### Required action
Every line of the material below, from the top through the line with "Club Monaco Ivory", should be reproduced exactly.

### Extracted records
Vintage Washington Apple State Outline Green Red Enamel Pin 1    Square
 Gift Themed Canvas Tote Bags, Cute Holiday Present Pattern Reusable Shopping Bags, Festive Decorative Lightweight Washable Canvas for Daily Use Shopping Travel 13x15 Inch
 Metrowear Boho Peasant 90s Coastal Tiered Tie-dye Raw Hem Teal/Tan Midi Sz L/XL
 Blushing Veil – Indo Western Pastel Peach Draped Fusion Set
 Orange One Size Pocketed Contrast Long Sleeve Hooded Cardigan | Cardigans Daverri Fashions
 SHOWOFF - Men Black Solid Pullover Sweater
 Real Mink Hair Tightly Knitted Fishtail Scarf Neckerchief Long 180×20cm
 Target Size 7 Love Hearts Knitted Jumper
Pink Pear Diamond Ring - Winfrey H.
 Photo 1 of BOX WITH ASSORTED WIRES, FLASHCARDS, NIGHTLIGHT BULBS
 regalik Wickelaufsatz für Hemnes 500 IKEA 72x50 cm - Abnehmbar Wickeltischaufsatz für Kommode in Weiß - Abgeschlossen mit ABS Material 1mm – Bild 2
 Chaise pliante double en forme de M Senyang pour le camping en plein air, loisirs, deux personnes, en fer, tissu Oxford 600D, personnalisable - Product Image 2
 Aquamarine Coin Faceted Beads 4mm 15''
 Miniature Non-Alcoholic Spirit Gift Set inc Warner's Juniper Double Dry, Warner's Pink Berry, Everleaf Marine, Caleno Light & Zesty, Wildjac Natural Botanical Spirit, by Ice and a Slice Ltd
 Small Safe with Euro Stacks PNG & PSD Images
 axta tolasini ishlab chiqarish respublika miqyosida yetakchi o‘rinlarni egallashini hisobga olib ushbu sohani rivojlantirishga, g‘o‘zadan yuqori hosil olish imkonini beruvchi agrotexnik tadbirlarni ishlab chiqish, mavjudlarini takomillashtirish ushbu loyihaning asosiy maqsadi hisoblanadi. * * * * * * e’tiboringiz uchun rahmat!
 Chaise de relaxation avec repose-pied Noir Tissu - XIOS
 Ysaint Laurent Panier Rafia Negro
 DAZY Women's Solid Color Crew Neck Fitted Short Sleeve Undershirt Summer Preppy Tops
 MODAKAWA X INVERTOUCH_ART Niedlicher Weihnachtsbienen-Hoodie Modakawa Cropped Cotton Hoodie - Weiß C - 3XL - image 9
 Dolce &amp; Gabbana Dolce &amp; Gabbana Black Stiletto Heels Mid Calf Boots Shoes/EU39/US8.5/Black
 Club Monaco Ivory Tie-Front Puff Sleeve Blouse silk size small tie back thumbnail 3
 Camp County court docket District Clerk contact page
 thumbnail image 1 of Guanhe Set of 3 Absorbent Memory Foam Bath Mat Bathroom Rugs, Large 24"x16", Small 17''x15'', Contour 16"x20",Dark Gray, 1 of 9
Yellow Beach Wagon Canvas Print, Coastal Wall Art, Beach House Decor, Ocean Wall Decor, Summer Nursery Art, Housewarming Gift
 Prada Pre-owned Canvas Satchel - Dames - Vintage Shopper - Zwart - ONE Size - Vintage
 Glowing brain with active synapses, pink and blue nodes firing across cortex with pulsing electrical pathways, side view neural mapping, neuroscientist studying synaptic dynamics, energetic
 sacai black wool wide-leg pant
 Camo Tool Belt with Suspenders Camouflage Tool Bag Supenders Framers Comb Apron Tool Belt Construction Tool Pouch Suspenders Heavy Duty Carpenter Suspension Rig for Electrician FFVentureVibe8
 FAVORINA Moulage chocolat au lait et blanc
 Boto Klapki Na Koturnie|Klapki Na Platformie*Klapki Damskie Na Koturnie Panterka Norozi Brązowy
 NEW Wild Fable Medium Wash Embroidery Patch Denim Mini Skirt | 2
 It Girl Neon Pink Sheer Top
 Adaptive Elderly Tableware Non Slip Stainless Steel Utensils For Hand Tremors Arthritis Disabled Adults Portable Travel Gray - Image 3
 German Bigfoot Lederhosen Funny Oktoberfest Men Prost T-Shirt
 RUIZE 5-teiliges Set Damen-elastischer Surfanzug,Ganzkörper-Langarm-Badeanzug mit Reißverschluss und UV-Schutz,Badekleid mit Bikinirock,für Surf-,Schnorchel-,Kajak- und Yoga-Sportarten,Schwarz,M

### Written response
Vintage Washington Apple State Outline Green Red Enamel Pin 1    Square
 Gift Themed Canvas Tote Bags, Cute Holiday Present Pattern Reusable Shopping Bags, Festive Decorative Lightweight Washable Canvas for Daily Use Shopping Travel 13x15 Inch
 Metrowear Boho Peasant 90s Coastal Tiered Tie-dye Raw Hem Teal/Tan Midi Sz L/XL
 Blushing Veil – Indo Western Pastel Peach Draped Fusion Set
 Orange One Size Pocketed Contrast Long Sleeve Hooded Cardigan | Cardigans Daverri Fashions
 SHOWOFF - Men Black Solid Pullover Sweater
 Real Mink Hair Tightly Knitted Fishtail Scarf Neckerchief Long 180×20cm
 Target Size 7 Love Hearts Knitted Jumper
Pink Pear Diamond Ring - Winfrey H.
 Photo 1 of BOX WITH ASSORTED WIRES, FLASHCARDS, NIGHTLIGHT BULBS
 regalik Wickelaufsatz für Hemnes 500 IKEA 72x50 cm - Abnehmbar Wickeltischaufsatz für Kommode in Weiß - Abgeschlossen mit ABS Material 1mm – Bild 2
 Chaise pliante double en forme de M Senyang pour le camping en plein air, loisirs, deux personnes, en fer, tissu Oxford 600D, personnalisable - Product Image 2
 Aquamarine Coin Faceted Beads 4mm 15''
 Miniature Non-Alcoholic Spirit Gift Set inc Warner's Juniper Double Dry, Warner's Pink Berry, Everleaf Marine, Caleno Light & Zesty, Wildjac Natural Botanical Spirit, by Ice and a Slice Ltd
 Small Safe with Euro Stacks PNG & PSD Images
 axta tolasini ishlab chiqarish respublika miqyosida yetakchi o‘rinlarni egallashini hisobga olib ushbu sohani rivojlantirishga, g‘o‘zadan yuqori hosil olish imkonini beruvchi agrotexnik tadbirlarni ishlab chiqish, mavjudlarini takomillashtirish ushbu loyihaning asosiy maqsadi hisoblanadi. * * * * * * e’tiboringiz uchun rahmat!
 Chaise de relaxation avec repose-pied Noir Tissu - XIOS
 Ysaint Laurent Panier Rafia Negro
 DAZY Women's Solid Color Crew Neck Fitted Short Sleeve Undershirt Summer Preppy Tops
 MODAKAWA X INVERTOUCH_ART Niedlicher Weihnachtsbienen-Hoodie Modakawa Cropped Cotton Hoodie - Weiß C - 3XL - image 9
 Dolce &amp; Gabbana Dolce &amp; Gabbana Black Stiletto Heels Mid Calf Boots Shoes/EU39/US8.5/Black
 Club Monaco Ivory Tie-Front Puff Sleeve Blouse silk size small tie back thumbnail 3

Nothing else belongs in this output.